We reached the Tybee Roads Inlet and still had 2 hours to get back to the ICW… it was 10 miles inland. We had entered via this inlet heading north before but never gone south from it…. This would be our first trip up the Savannah River and it was a slow one… 4.5 – 5.0 knots… strong current against us. It was cool passing the ships that were exiting to sea… passed four huge ships.
Once we were back in the ICW all we had to deal with now was skinny water… of course it was dead low tide… only good thing was that it was rising so by the time we reached the trouble areas we had enough water to not be real concerned about grounding.
When we were traveling outside we planned to stop for the night at Walburg Creek… this anchorage was now out of range for us today… next Beecha friendly stop before Walburg Creek would be Kilkenny Creek, so that is where we headed.
Just after sunset we were approaching Hell Gate and I could see a large passenger vessel heading toward Hell Gate on the Ogeechee River and I was on the Vernon River… we were running parallel both heading toward Hell Gate from opposite sides.
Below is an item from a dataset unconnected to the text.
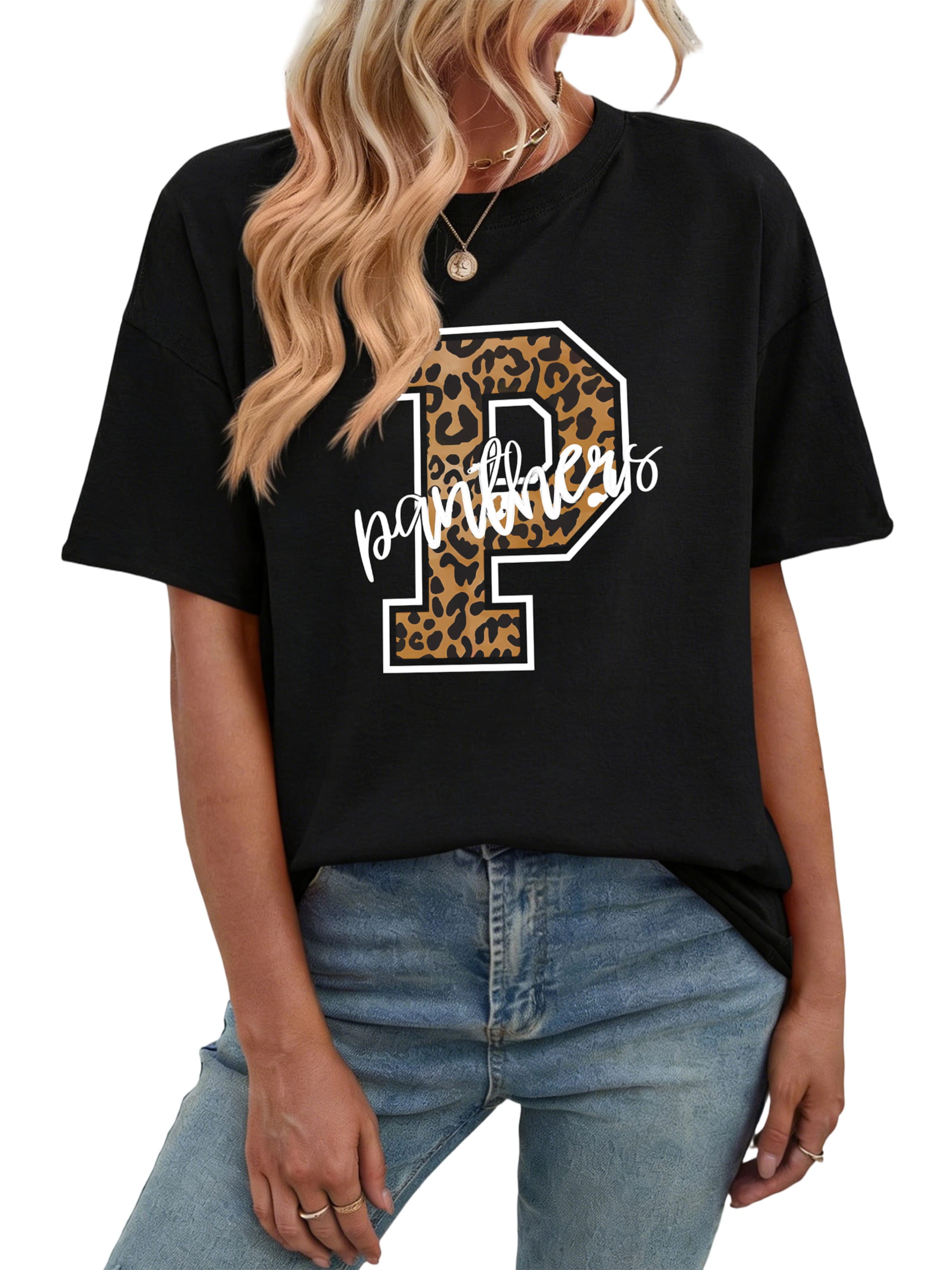 GORHEY Shirt 'Women's Casual Cotton Summer T-Shirt with Leopard Print Letters' in Black: front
The passenger vessel was “The Independence” an American Cruise Line Ship… not sure how long they are but I knew I did not want to go through Hell Gate at the same time as they did. I hailed him on the VHF and told him I would hold off transiting Hell Gate and let him go through first… he acknowledged and we sat and waited for them to get through… not long but it did delay our arrival time to Kilkenny Creek.
Because it was cloudy today it got dark quickly after sunset… it was dark by the time we got through Hell Gate and heading up the Ogeechee River toward Florida Passage. We met a tug and barge in Florida Passage… it was really dark… could not see much of anything visually… had to navigate via radar and chartplotter.
We arrived to Kilkenny Creek about 1915 and turned out of the ICW into it… three boats anchored in the Creek as we headed in… two power and one sail. We arrived to our destination for the night… Marker 107 Restaurant and docked at about 1930.. Our location: N31°47.410’, W081°12.156’. We found that the restaurant was closed on Mondays… would have been good to have eaten there… oh well next trip.
We traveled today for 12 hours and 50 minutes covering 78.17 nautical miles averaging 6.09 knots.